Kankercellen laten uithongeren, dat is wat Fabricio Loayza-Puch het liefst doet. Eind januari ontving hij hiervoor de Antoni van Leeuwenhoek Prijs.
‘Verrast was ik zeker dat ik tot de genomineerden behoorde, dat had ik totaal niet verwacht’, zegt de Boliviaanse Fabricio Loayza-Puch (36). Hij ontving de Antoni van Leeuwenhoekprijs voor een veelbelovende techniek waarmee hij de afgelopen zes jaar de voedingsbehoeftes van kankercellen in kaart heeft gebracht, in de groep van Reuven Agami aan het NKI in Amsterdam. ‘We weten nu dat tumoren afhankelijk zijn van bepaalde aminozuren voor hun groei en dat het verschilt per tumor welke dat zijn.’ Zo hebben nierkankercellen proline nodig voor om te groeien. Er ontstaat een tekort van dat aminozuur in de cellen als je de productie daarvan remt met CRISPR-Cas.

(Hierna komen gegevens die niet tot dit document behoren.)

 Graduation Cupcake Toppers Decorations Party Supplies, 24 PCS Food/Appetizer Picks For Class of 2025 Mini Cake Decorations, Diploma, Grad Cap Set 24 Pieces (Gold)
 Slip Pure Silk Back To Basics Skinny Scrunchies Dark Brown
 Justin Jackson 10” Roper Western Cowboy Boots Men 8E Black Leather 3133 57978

Vervolgens stopt de tumorgroei.
Aminozuur aflezen
Loayza-Puch benadrukt de complexiteit van het veld: ‘Daardoor ben ik ook zo enthousiast over de moleculaire oncologie’, zegt hij. ‘Met de techniek die we nu hebben ontwikkeld, kunnen we de dieetwensen per tumor bepalen door te kijken naar de eiwitfabrieken van de cel, de ribosomen. Ribosomen lezen voor elk aminozuur een triplet van nucleotides af, een codon. Tijdens dat proces stoppen ze soms en dat is dan het signaal voor ons dat er blijkbaar een tekort is aan het betreffende nucleotide in de cel.’ Loayza-Puch isoleert vervolgens het ribosoomcomplex en kan dan na sequencing achterhalen bij welk aminozuur het eiwitfabriekje hapert. Hij doet dit zowel met cellijnen als met muismodellen, maar dat is niet voor elk type kanker toepasbaar. ‘Voor borstkanker hebben we alleen muismodellen, omdat deze cellen in vitro moeilijk in stand te houden zijn.’

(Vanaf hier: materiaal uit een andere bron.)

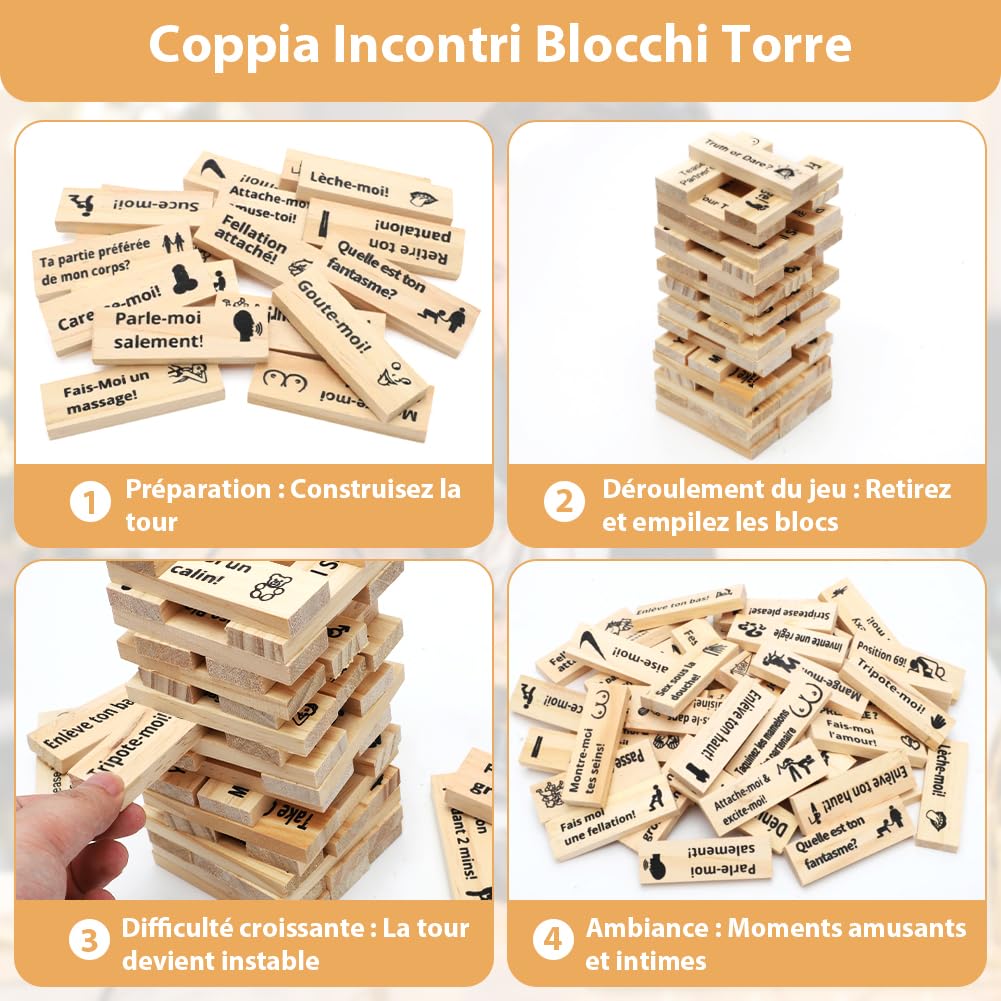 DASIAUTOEM Jeu de Tour de Blocs Coquins 48 Pièces, Lust Tower pour Couples, Jeu Coquin de Tour Infernale pour Adultes, Blocs Empilables en Bois, Cadeaux de Rencontre pour Couples Adultes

In Europa lag mijn kans op succes
Betere kansen
Zijn interesse in de wetenschap heeft Loayza-Puch al van jongs af aan. ‘Mijn vader liet me vroeger in Bolivia populaire biologietijdschriften lezen. Dat heeft mijn interesse in de biologie al vroeg gewekt. Ik wilde verder in de moleculaire oncologie en het liefste in de VS of Europa, want daar had ik betere kansen. De meeste Zuid-Amerikanen vertrekken daarheen voor een promotieonderzoek.’
Japan
Voordat hij in Amsterdam terechtkwam, promoveerde hij aan de Kyoto-universiteit in Japan. ‘Een vriend van me raadde mij aan voor een beurs in Japan te gaan, dat lukte uiteindelijk ook nog. Daar werkte ik aan microRNA’s en hun interactie met tumorcellen.’ In Japan genoot hij van het onderzoek, maar minder van het werkklimaat. ‘Werkdagen van twaalf tot zestien uur zijn daar normaal. Gelukkig hoefde ik daar als student nog niet aan mee te doen, maar als ik was gebleven wel.’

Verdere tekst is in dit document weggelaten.